# DATA SEGMENT
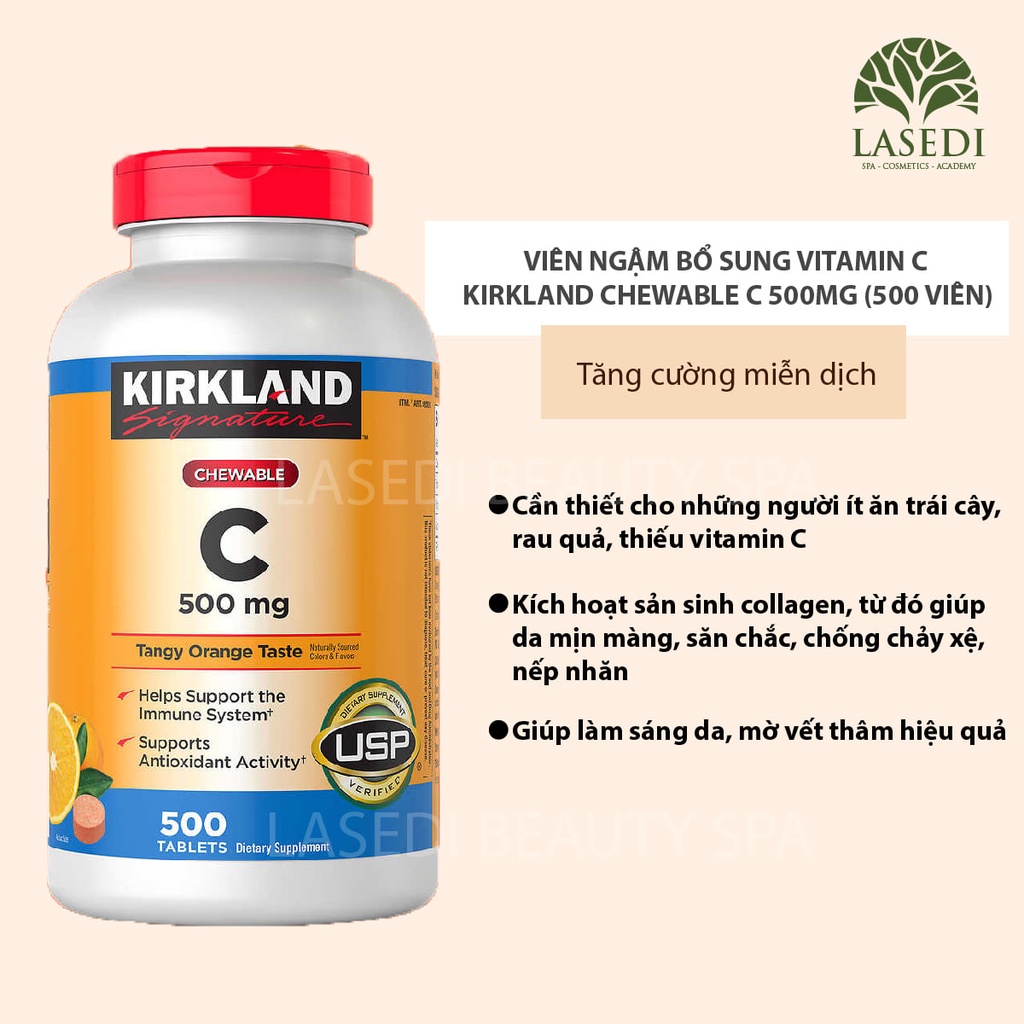 Viên ngậm bổ sung vitamin C 500mg Kirkland 500 viên của Mỹ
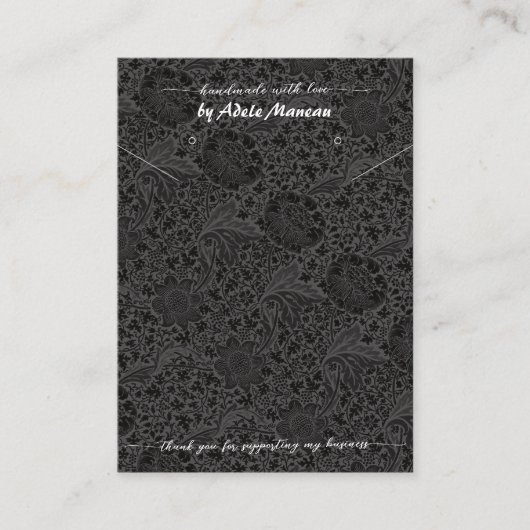 QR-Code für Schwarze Blume-Logos Necklace Earring  Visitenkarte (Vorderseite)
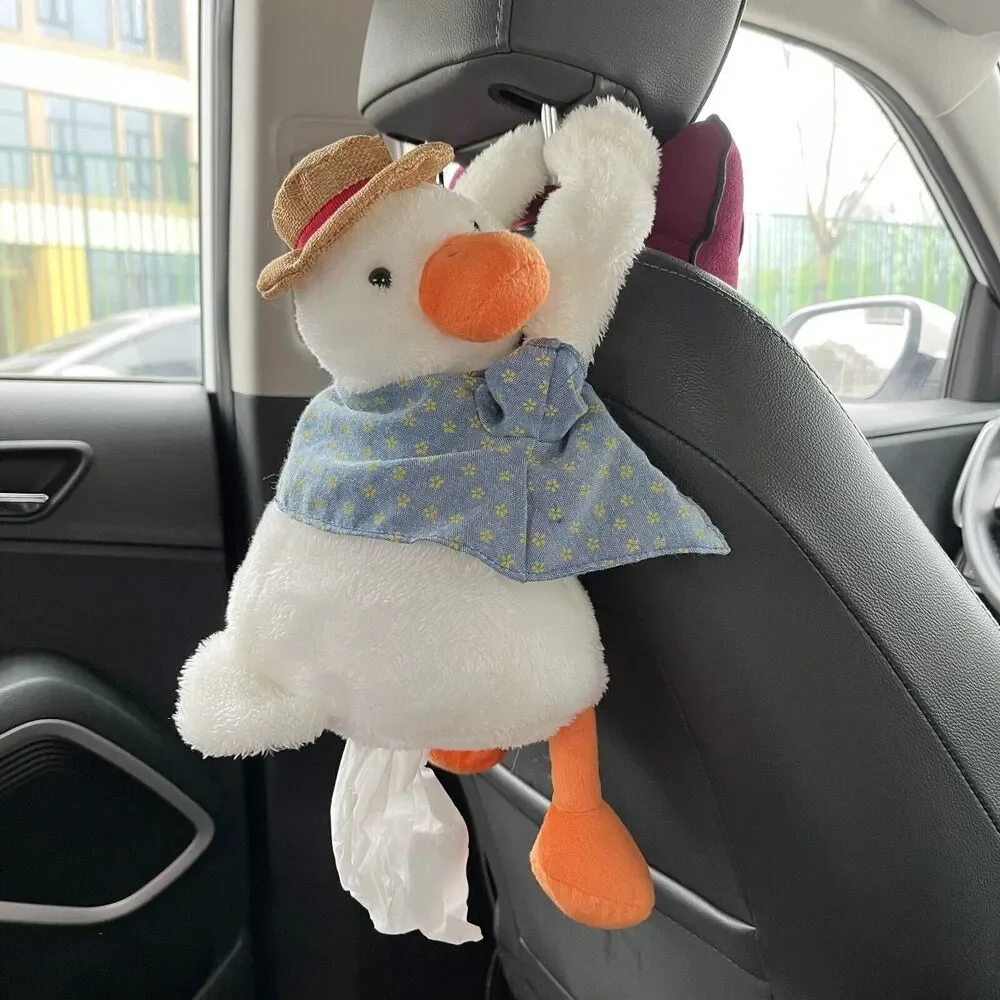 Unique Plush Cartoon Tissue Holder Duck Butt Car Tissue Box Storage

# DESCRIPTION OF THE TASK
Repeat the data above in full and exactly. Omit every image.

# TASK ANSWER
 Viên ngậm bổ sung vitamin C 500mg Kirkland 500 viên của Mỹ
 QR-Code für Schwarze Blume-Logos Necklace Earring  Visitenkarte (Vorderseite)
 Unique Plush Cartoon Tissue Holder Duck Butt Car Tissue Box Storage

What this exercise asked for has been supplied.